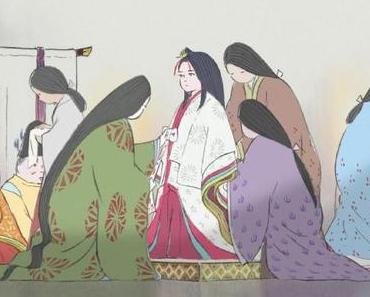 Studio Ghibli 2014: “Die Legende der Prinzessin Kaguya”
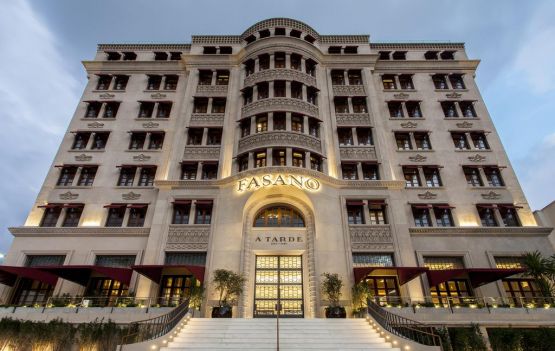 Réveillon Fasano Salvador terá festa e menu exclusivo 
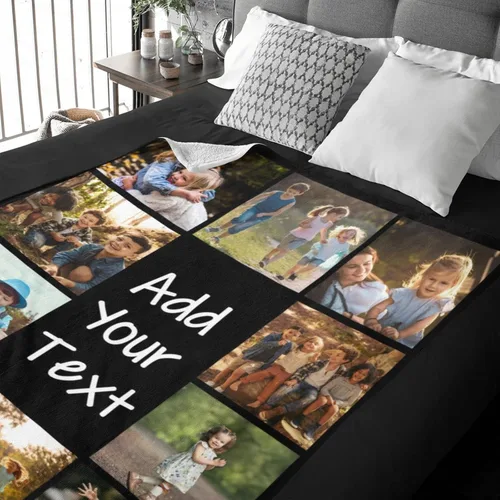 Miniatura 124 de Mantas personalizadas con foto, manta de fotos personalizada, mantas personalizadas con imagen, regalos personalizados para mujeres, hombres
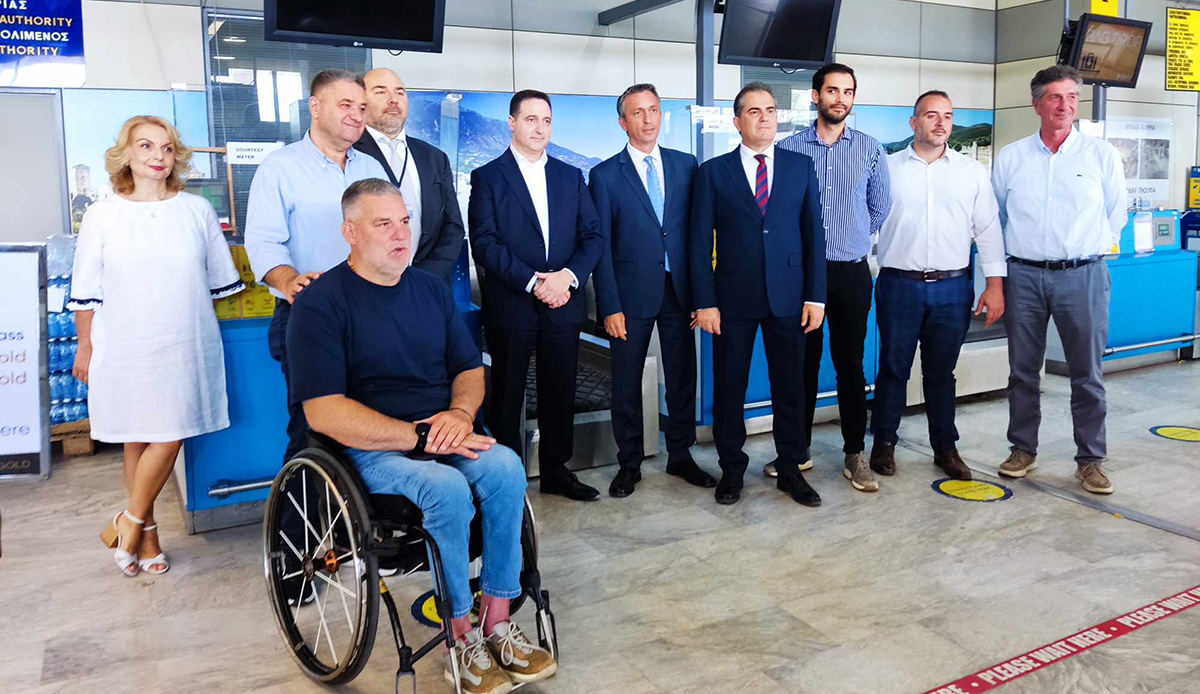 Αεροδρόμιο Καλαμάτας: Βελτιώνονται οι υποδομές, ενισχύονται οι υπηρεσίες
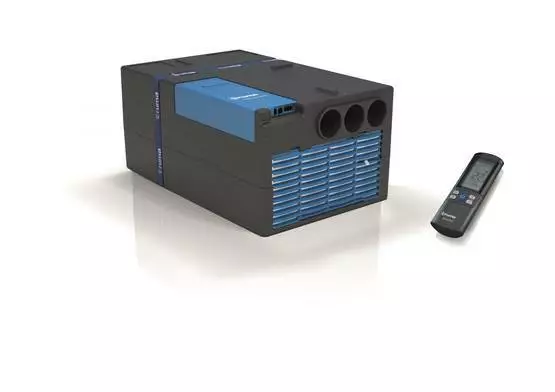 Ilmastointilaite Saphir Comfort RC 2,4kW Lämmitys 1,7kW - Ilmastointilaitteet - 44035-01 - 1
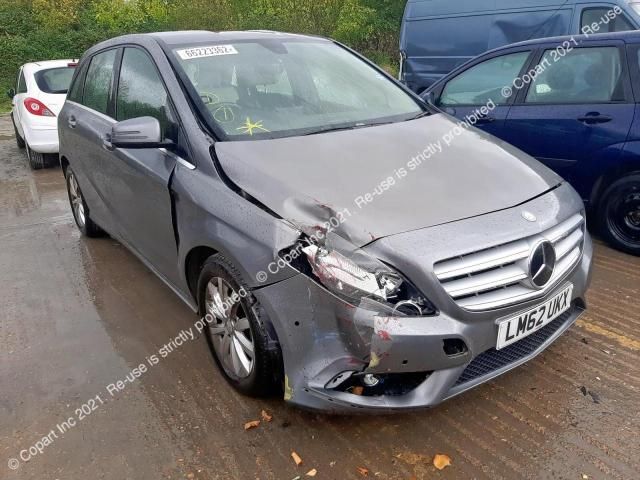Dezmembrez Mercedes-Benz B-Class W246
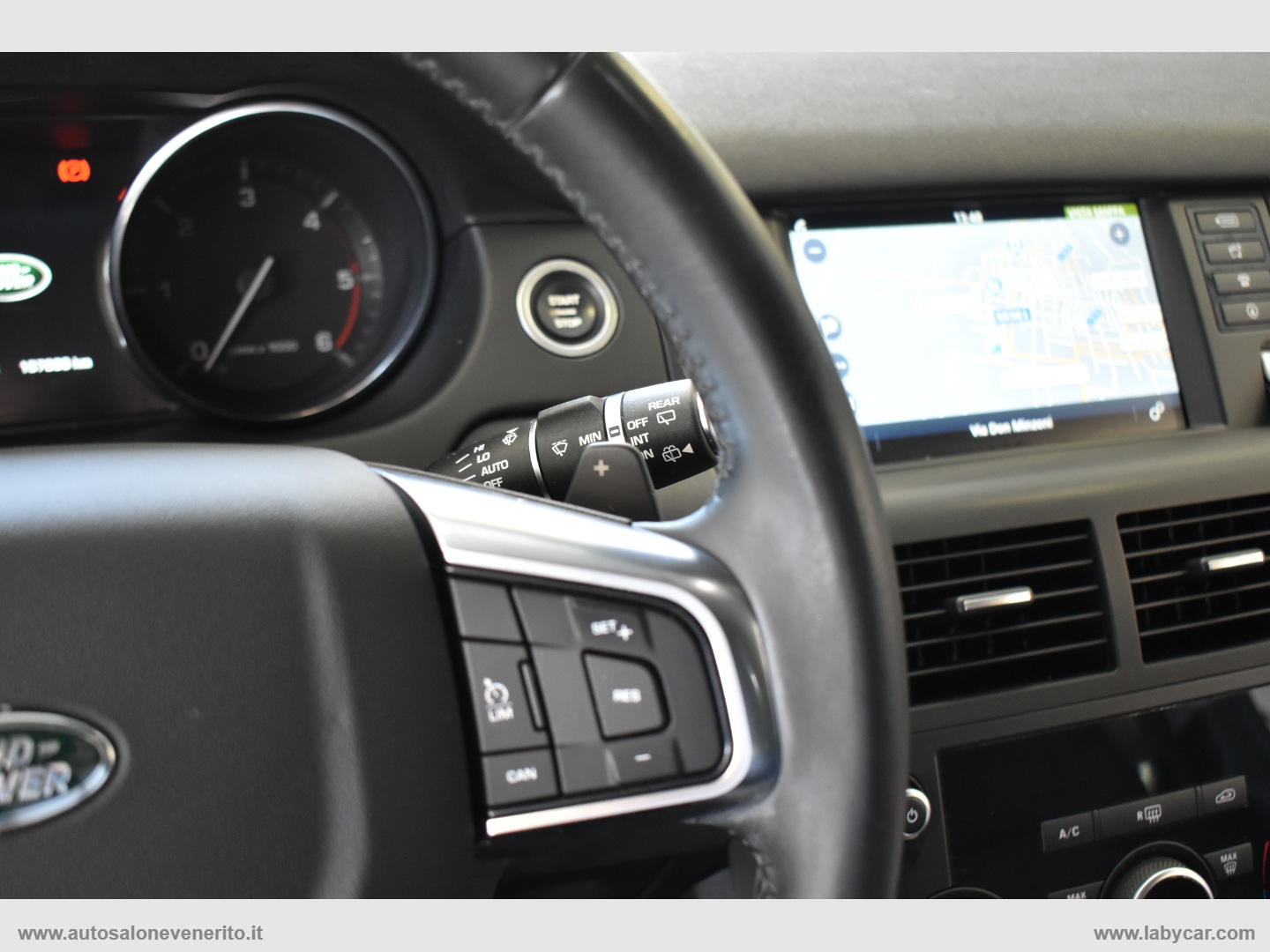 Discovery Sport 2.2 TD4 SE - immagine 28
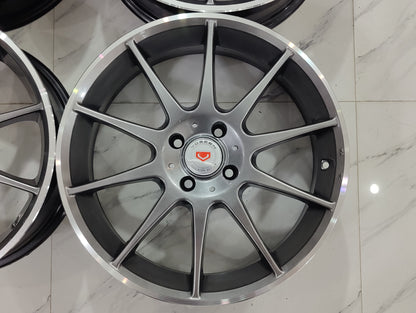 Kosei Sniper Wheels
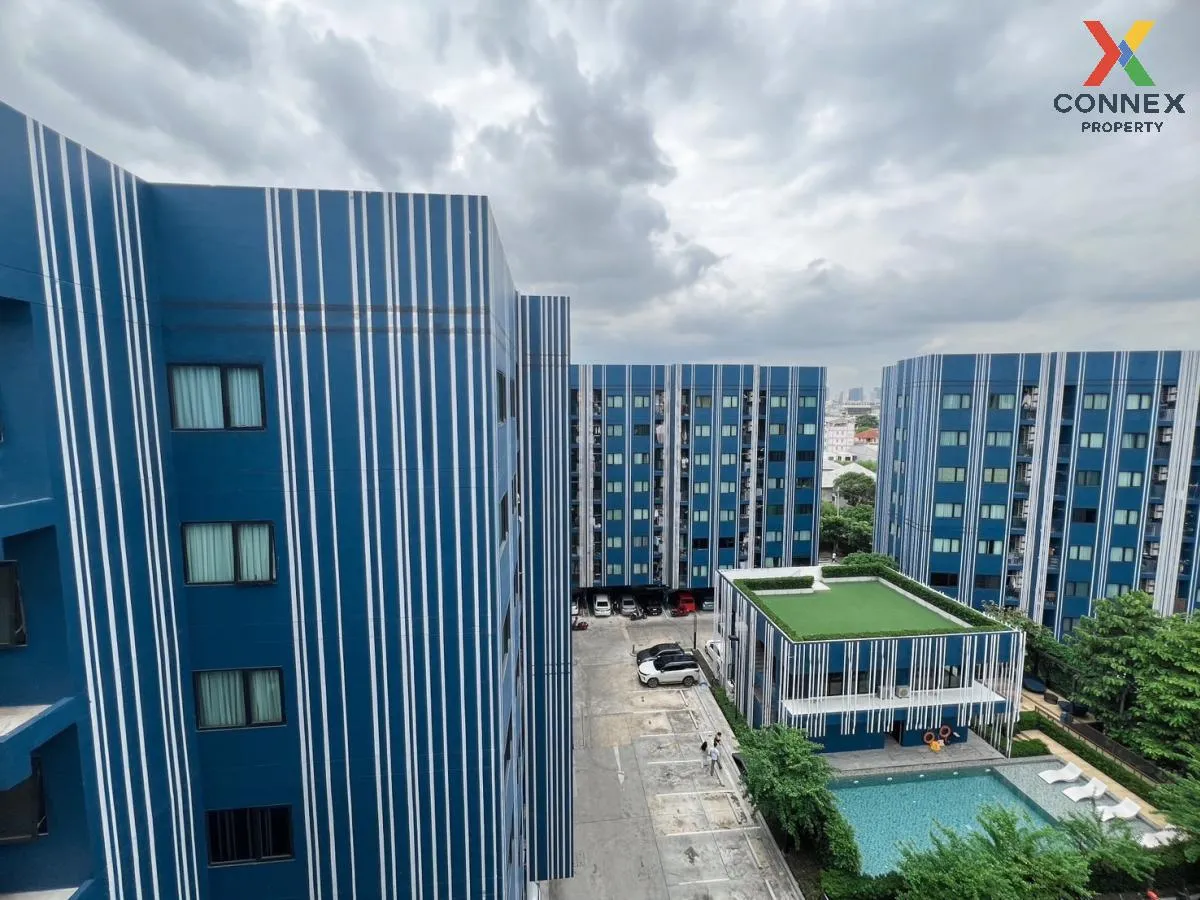 For Rent Condo , Chewathai Hallmark Ladprao-Chokchai 4 , MRT-Chok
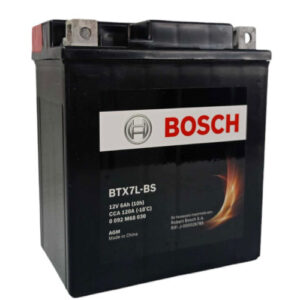 BATERIA BOSCH BTX7L-BS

◆ ◆ ◆ ◆ ◆

Lines from the one containing "Discovery Sport 2.2 TD4 SE - immagine 28" through the end of the material above must be reproduced exactly; pictures must not be.

RESULT
 Discovery Sport 2.2 TD4 SE - immagine 28
 Kosei Sniper Wheels
 For Rent Condo , Chewathai Hallmark Ladprao-Chokchai 4 , MRT-Chok
 BATERIA BOSCH BTX7L-BS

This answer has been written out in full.